On Thursday, 23 August 2018 at 17:02:12 UTC, Shachar Shemesh wrote:

On 23/08/18 18:35, Joakim wrote:

So your example of a fatal flaw is that D could be 100X faster at compilation instead of just 10X than most every other native language out there?! C'mon.

Have you tried Stephan's example yet?

static foreach(i; 0..16384) {}

I don't see any posts by a "Stephan" in this thread. I don't doubt that there are degenerate cases in D's compile-time features, particularly the new ones.

Each problem on its own, maybe not. All together? Most definitely.

A language needs to be coherent. A programmer needs to be able to look at code and know what the compiler will make of that code. The less that can happen, the less useful the language is.

This is, in fact, precisely the criticism the D community levels against C++.

Ah, I see none of these are "fatal flaws," but they all combine together to create a fatal situation. That's an argument that can actually be defended, but not the one you started off making.

By this rationale, C++ should be dead by now. Why do you think it's fatal to D?

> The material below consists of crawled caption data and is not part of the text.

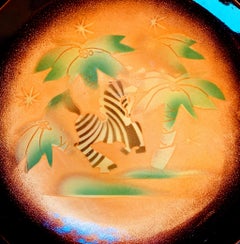 "Cebra juguetona", plato esmaltado Art Déco en naranja y verde de Edward Winter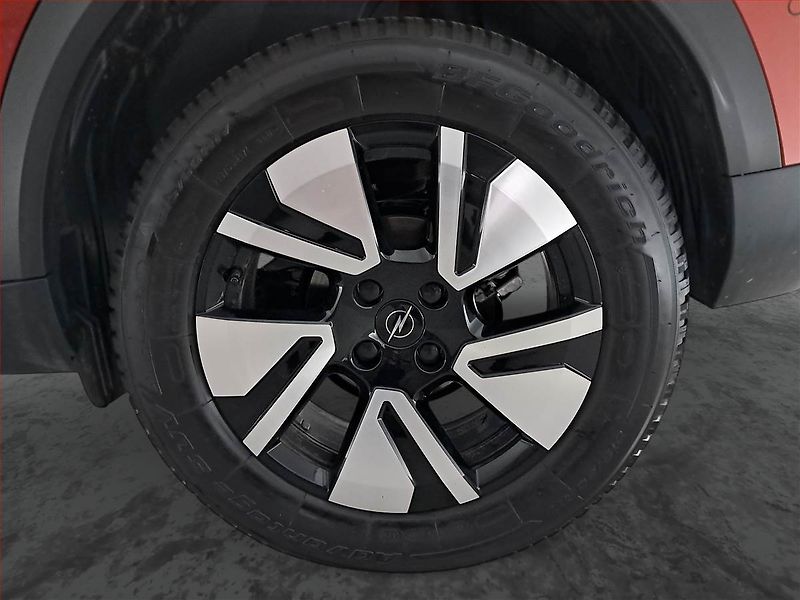 Opel Frontera (2025) 1.2 hybrid - fotka 15 z 21
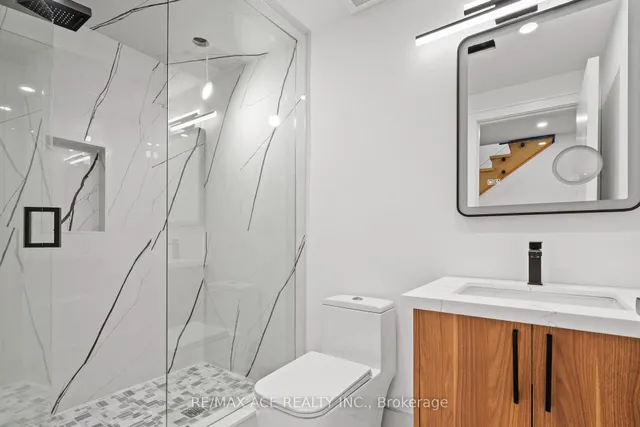 Additional image 35 of 122 Warden Ave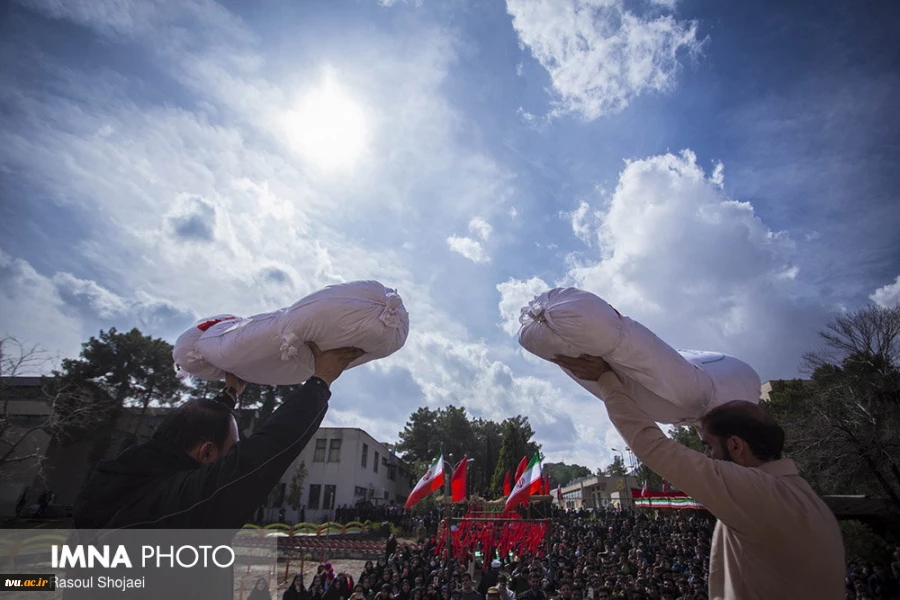 پیکر مطهر دو شهید گمنام بر روی دستان دانشجویان و اساتید در دانشکده فنی شهید مهاجر اصفهان  تشییع و تدفین شدند.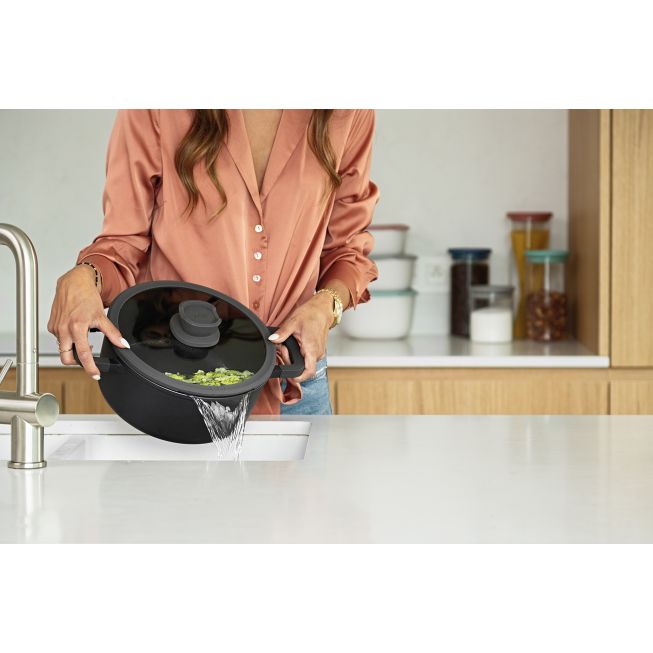 20cm Covered Casserole Leo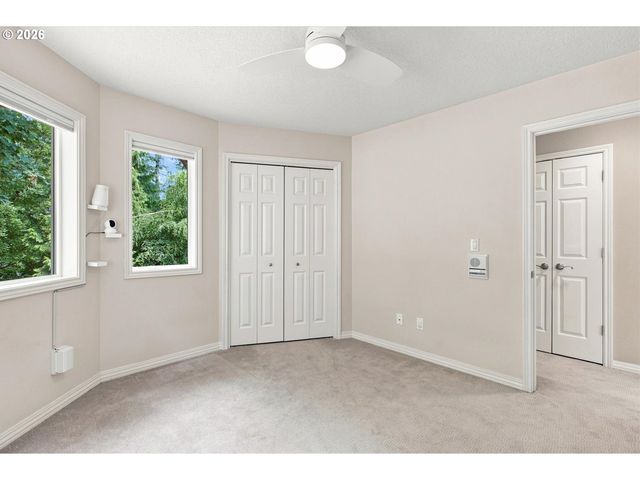 1300 GLENMORRIE Dr, Lake Oswego, OR 97034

C++ does not suffer from this *kind* of complexity. For the most part, C++'s complexity is feature centric. You use a feature, you need to really learn that feature in order to get it to work.

D's complexity is waiting to pounce you behind street corners. You use a feature, and all's well. And then, when you're doing stuff completely tangential to your old code, things suddenly break.

You can avoid C++'s complexity by not using features. The same is not true of D.

Sorry, it sounds like you're simply saying you prefer one type of complexity to another. I'm not a C++ developer, but my understanding is it has many of the same problems as D, more because of backwards compatibility.

With that said, who said these problems don't affect C++?

Nobody, that's my point in bringing it up.

Had C++ not being plagued by these problems, D (and Rust, and Go,
and so on) would probably never had been born. These are languages written with the explicit hope of killing C++.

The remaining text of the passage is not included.